Do biologists and physicists approach AFM differently?

This was the question at the forefront of my mind as I attended the Linz Winter Workshop back in February. Do biologists and physicists approach AFM differently and, does it matter?

The thought was triggered when I attended a stimulating talk given by ex-Bristol physicist Jamie Hobbs. Jamie is now a professor and biophysicist at the University of Sheffield and it was clear to me through his presentation that his grounding in physics is positively impacting the research.

Recently Jamie and the team were able to use AFM for the molecular imaging of glycan chains in e.coli.

As AFM provides high signal-to-noise imaging of individual biomolecules at the nanoscale, it has been considered a great tool to use in this area for a while. Being able to visualise the glycan chains is critical to understanding how the polymer network performs its function. However, despite considerable effort, successful imaging simply hasn’t been possible with AFM.

That is until Jamie and his team got to work on it. Guided by Jamie’s knowledge and confidence in using AFM they were able to develop new approaches to sample preparation and imaging which allowed glycans to be seen in high definition for the first time[1].

But what is the biologists view on working with AFM?
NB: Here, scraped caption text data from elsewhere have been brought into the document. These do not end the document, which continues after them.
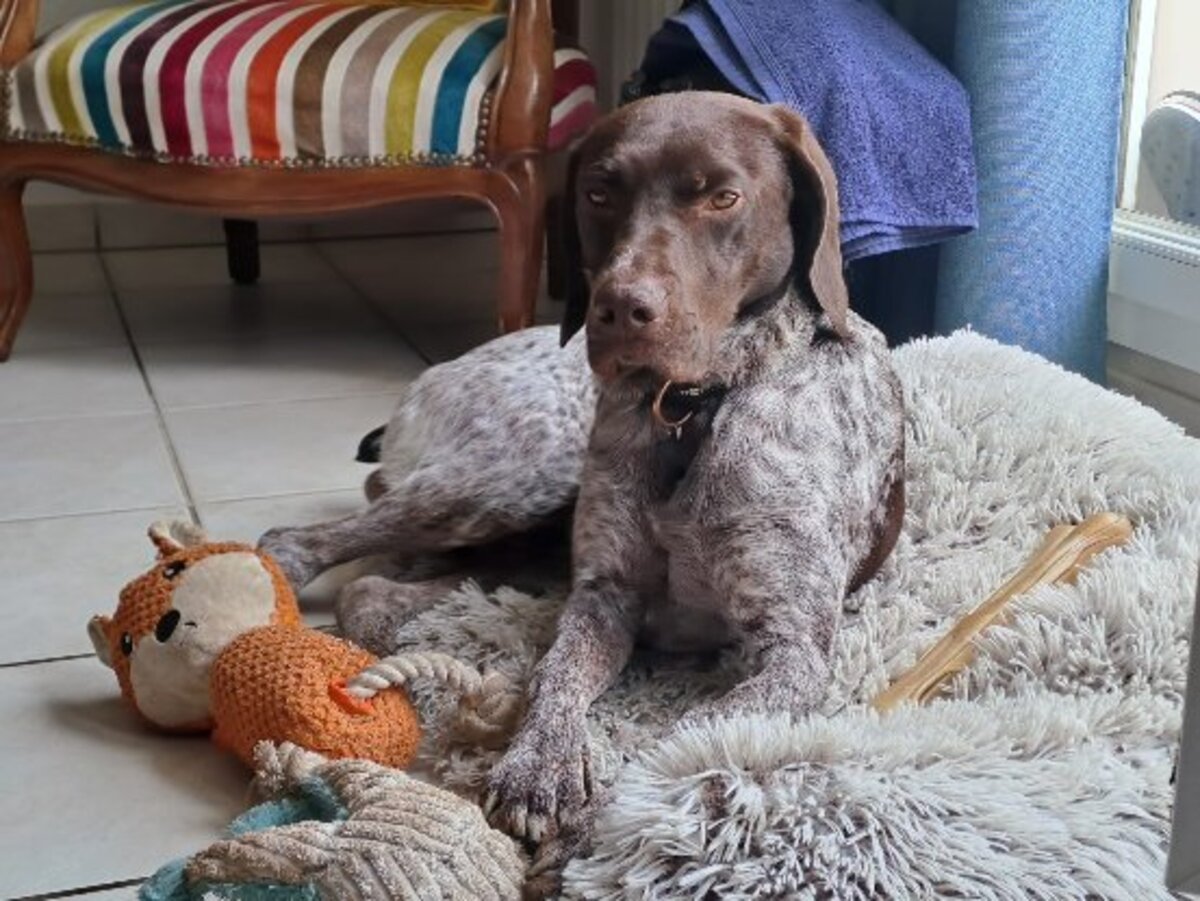 Adoption Loulou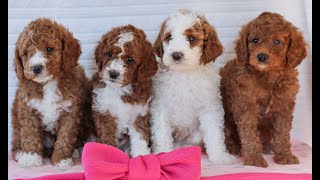 Video preview image #1 Goldendoodle (Miniature) Puppy For Sale in LITITZ, PA, USA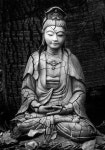 Budha에 관한 25개의 최상의 Pinterest 이미지 Budha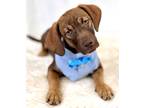 Adopt Fury a Brindle Terrier (Unknown Type, Medium) / Black Mouth Cur / Mixed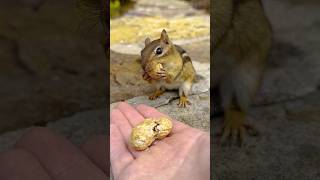 FEEDING CHIPMUNKS PEANUTS 🥜🐿😋 shorts [upl. by Ayouqat]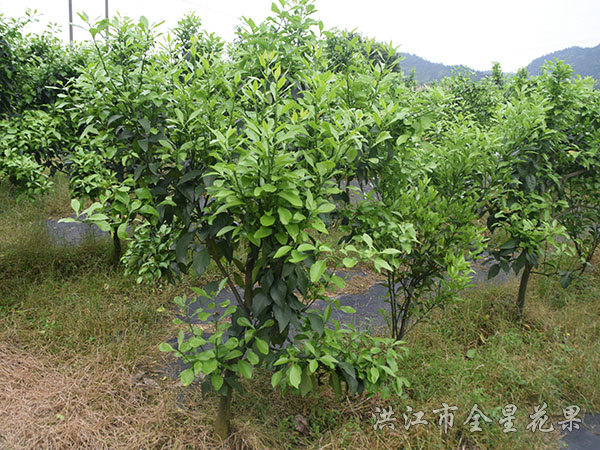 紅美人優系基地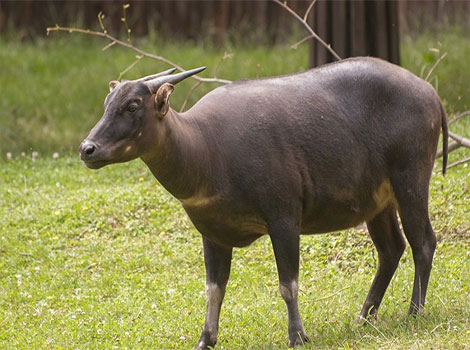 anoa dwarf buffalo and Sulawesi forest habitat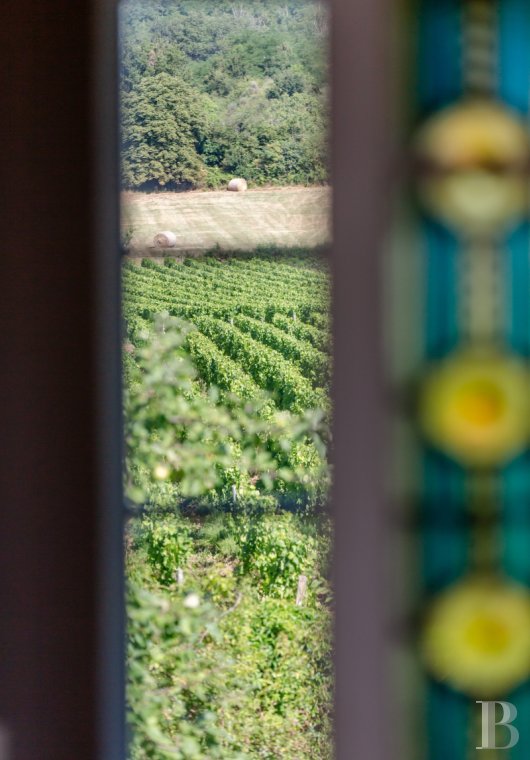 character properties France burgundy   - 19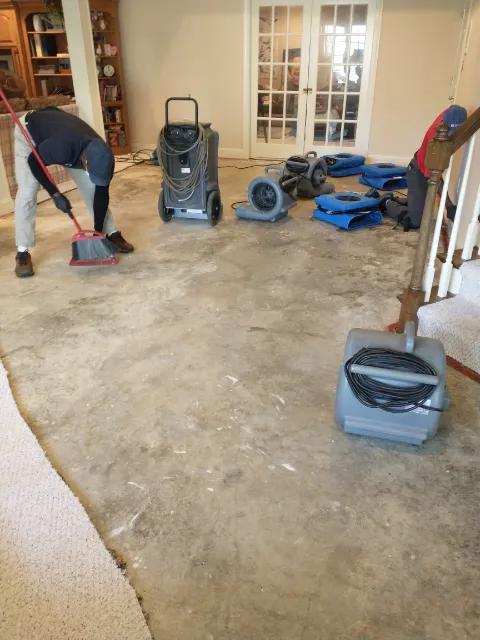 To The Rescue! Picture 10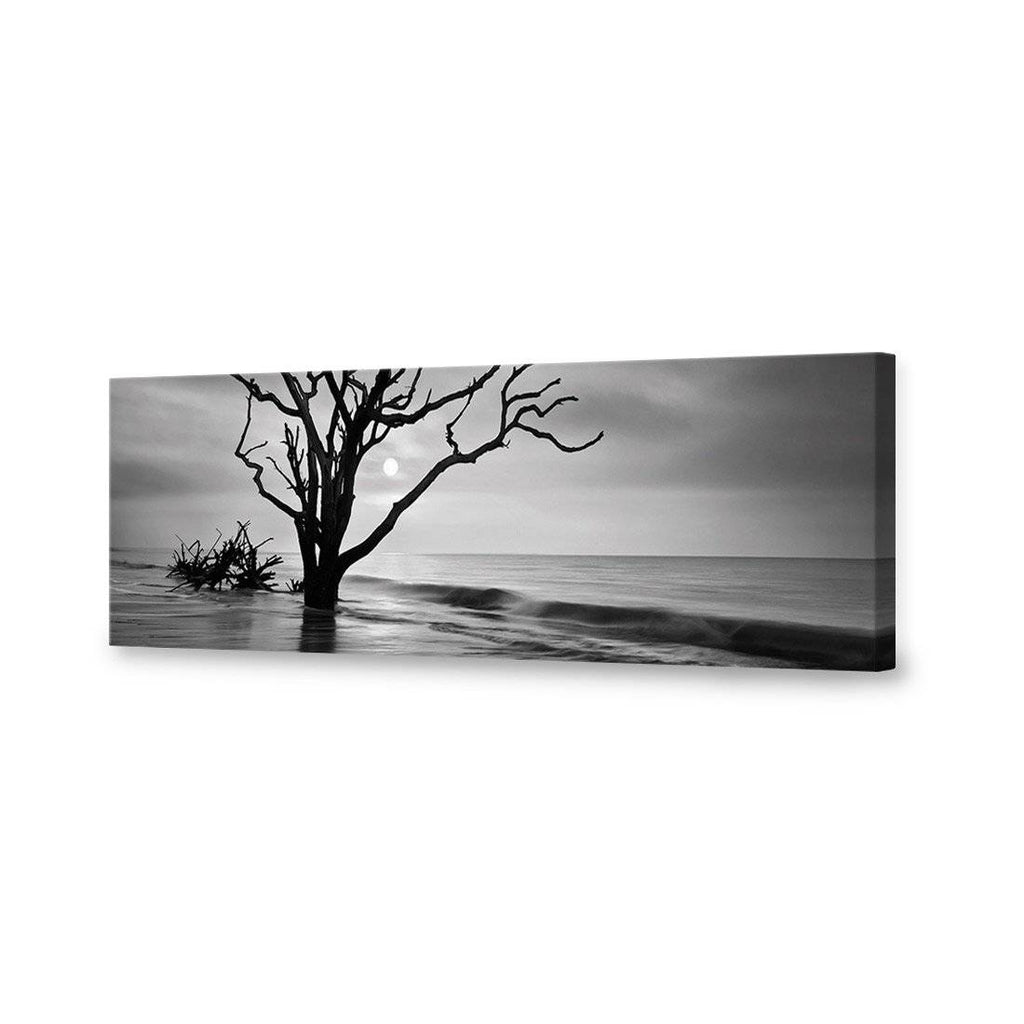 Botany Bay Sunrise, B&W Canvas Art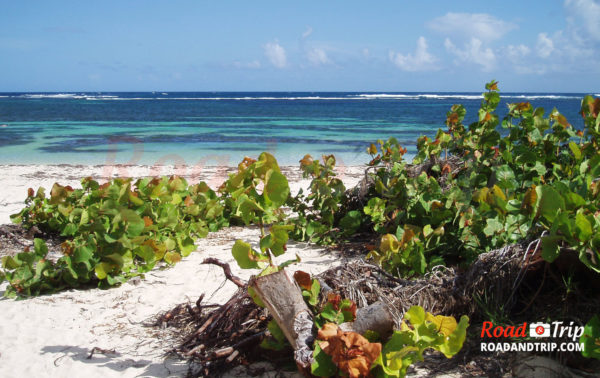 Plage de l'Anse Michel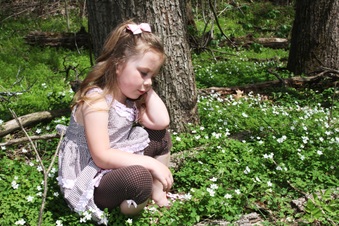 Enlarge photo 81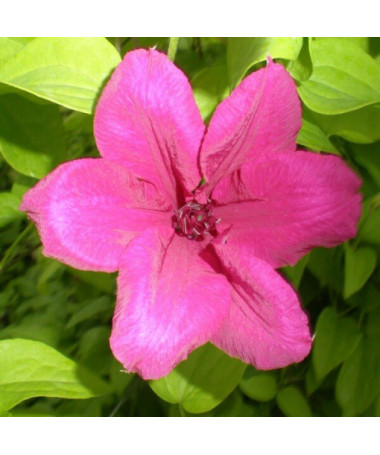 Clematis Kardynał Wyszyński (large‑flowered)  2L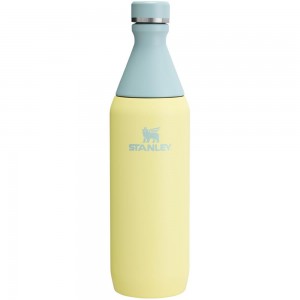 Yellow Stanley All Day Slim Bottle | 20 OZ Water Bottles | 62781AENU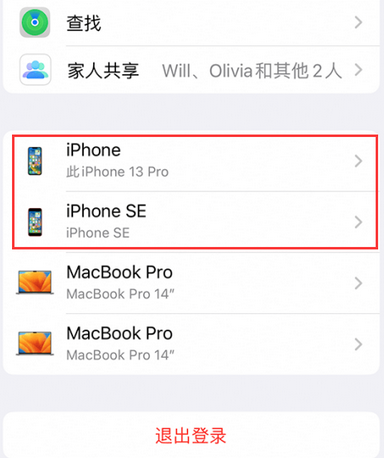 白塔苹白塔果维修网点分享iPhone如何查询序列号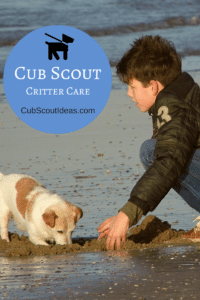 bear cub scout critter care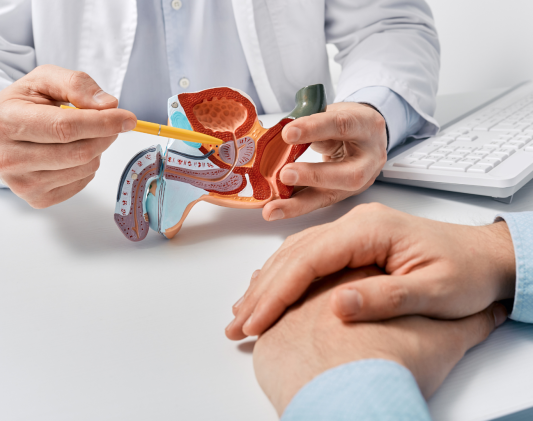 Urologist using a prostate anatomy model to explain a prostate biopsy to a male patient during a consultation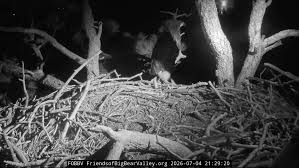 Big Bear eagle family safe after July 4th fireworks show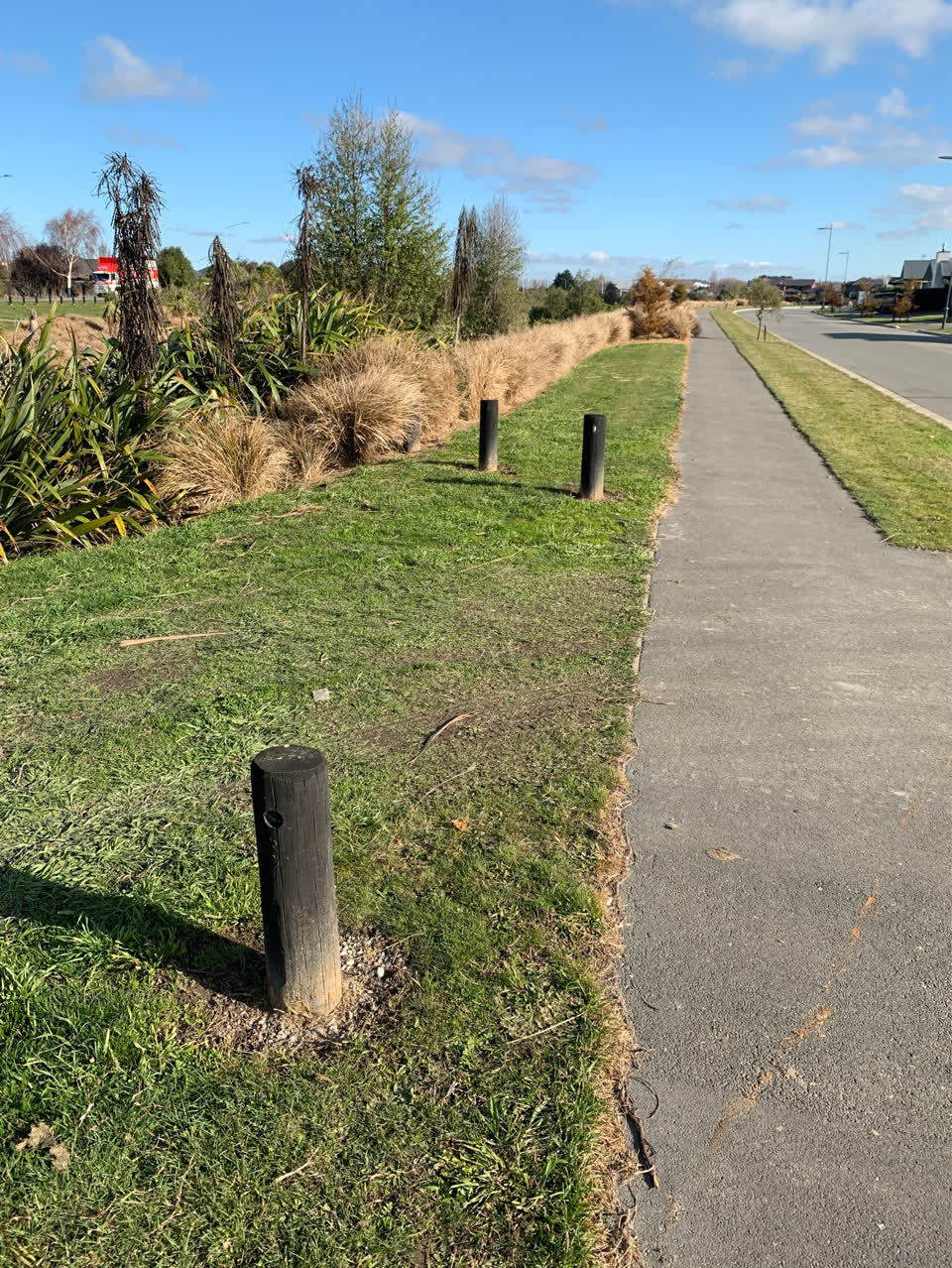 The photograph attached to this parks report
Not long after the conference I caught up with Daniel Robert, Professor of Bionanoscience at the University of Bristol to discuss the issue.

 
Professor Daniel Robert(Image courtesy of University of Bristol)

Professor Daniel Robert

(Image courtesy of University of Bristol)

 

Daniel highlighted that one of the challenges facing biologists is that AFM isn’t a core technique they study. Consequently, it often simply isn’t considered as a means of measurement or in terms of how it could be applied to biological research.

Indeed Daniel remembers that he first became aware of AFM during a talk giving by NuNano co-founder Mervyn Miles in the School of Biological Sciences back in 2002. The talk was on AFM of biomolecular structures, including the invention of the Activ Resonance controller[2], the first product of University of Bristol spin-out company Infinitesima.

Inspired by the talk and quick to see the connection between the work Merv had done and the research Daniel was undertaking on mosquitoes, he had a follow up chat with Merv. This resulted in Daniel using AFM to gain a deeper understanding of how mosquitoes hear.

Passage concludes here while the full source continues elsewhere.